In that era, John was himself a Jesuit teacher at Fairfield Prep, where the black cape he wore and his authoritarian aspect had earned him from his students the nickname — Father God.

In 1970, Fr. John heard another calling, and, declaring himself a liberal Republican, challenged Sen. John Pastore in his home state of Rhode Island. An unamused Sen. Pastore obliterated John by two-to-one.

It was right after this election, while I was vacationing in the Bahamas, that, one morning, I encountered Father John in his Bermuda shorts at a hotel newsstand on Paradise Island.

John was soon, at poolside, explaining to me why I, as a Catholic and a beneficiary of eight years of Jesuit education, had a moral obligation, a moral duty, to get him a job as a speechwriter in the Nixon White House.

Over some resistance, we succeeded, and John was soon the oracle of the shop, known to younger speechwriters as, “The Rev.”

When Watergate broke, Nixon’s aide Dick Moore urged John to get out and use his speaking talents to defend the president. John was soon out on the front lawn of the White House preaching to large assemblies of writing press and TV cameras.

Dick Moore told me, “Pat, I think we’ve created a monster.”

But John was a portrait in loyalty to the embattled president.

When transcripts of the Oval Office tapes were released, containing the phrase, “expletive deleted,” hundreds of times, and Dr. Billy Graham was publicly scandalized, John was unfazed.

He stepped out on the White House lawn and immortalized himself by calling Richard Nixon, and I quote, “the greatest moral leader in the last third of this century.” Now that is loyalty.

When President Ford came in, John, despite his resistance, was the first man out of the White House. To raise his profile, he asked me to contact William F. Buckley Jr., and get him on as a guest on “Firing Line.”

I wrote Buckley, and got back a letter that read in its entirety, “Dear Patrick: Intending no disrespect, who is the Rev. John J. McLaughlin, S. J.? Cordially, Bill.”

As it would have crushed John, I did not show him the letter, until he became famous. As he soon did.

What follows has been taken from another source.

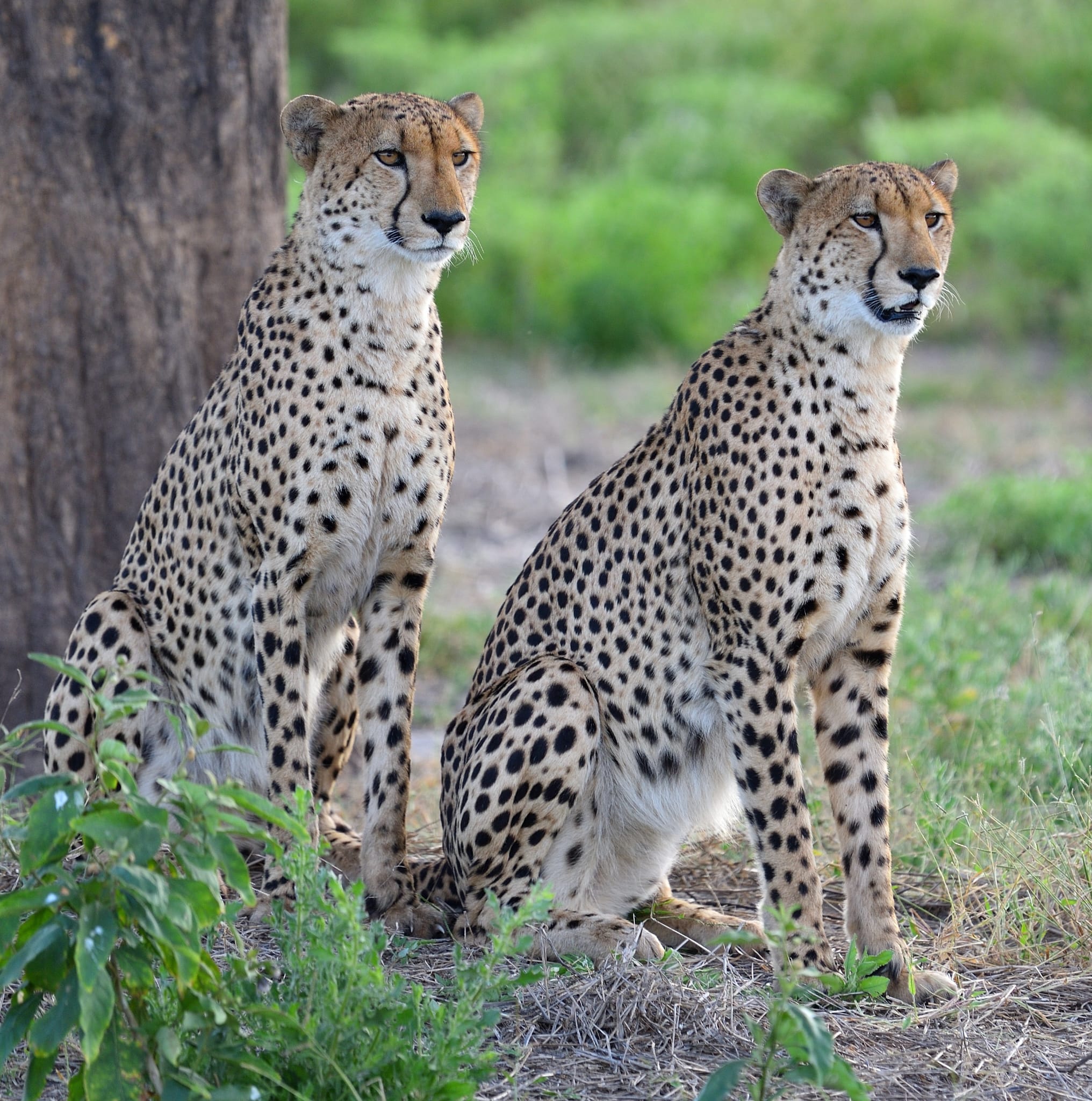 A pair of cheetahs photographed in Mababe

John achieved a niche in the pantheon of television journalism when, in 1982, he launched “The McLaughlin Group.” As one of the initial panelists, I was joined by Bob Novak of the perpetual scowl, known to colleagues as “The Prince of Darkness,” Jack Germond and Mort Kondracke.

Soon Eleanor Clift was aboard, and far from being discriminated against as a woman, she was treated every bit as badly as the rest of us.

“The McLaughlin Group” was a media controversy and a sensation from the first of its 34 years. President Reagan was a regular viewer.

It was balanced between left and right. Panelists were told to bring opinions as well as facts. John welcomed disagreement. And rather than confine the issues to the political, he introduced ideological, cultural, social and even moral issues.

John selected the topics and the tape to be used, edited his own copy, and ran the show like a ringmaster at a circus — to which the Group was sometimes compared.

And he introduced new features. Predictions at the end of each show. Annual awards shows. I loved it. It was great, great fun.

Some journalists sniffed in disparagement, but others like Fred Barnes, Clarence Page, Michael Barone, Tony Blankley, Mort Zuckerman and Tom Rogan became regulars.

And John was loyal. When I took a leave of absence to go into the Reagan White House, then requested three more leaves to pursue private endeavors in the 1990s, which did not pan out, John, after leaving me in the penalty box for a while, always brought me back to the beadle’s chair.

At the end, we could see how badly John was failing. But, unlike Maritza, who took wonderful care of him, we did not know how much he was suffering, or the nature of the illness that was taking his life. That he soldiered on in the job he loved for so long is a testament to the courage and character of the man. He persevered.

John and I loved to banter about our favorites poets like T. S. Eliot and recite to each other Latin passages we had learned in school and the Old Church. And in writing this eulogy the words of the poet Catullus, to his brother, came to mind:

Atque in perpetuum, frater, ave atque vale.

And forever, brother, hail and farewell.

This eulogy was delivered Saturday, Aug. 20, in the Basilica at the Shrine of the Immaculate Conception in Washington, D.C.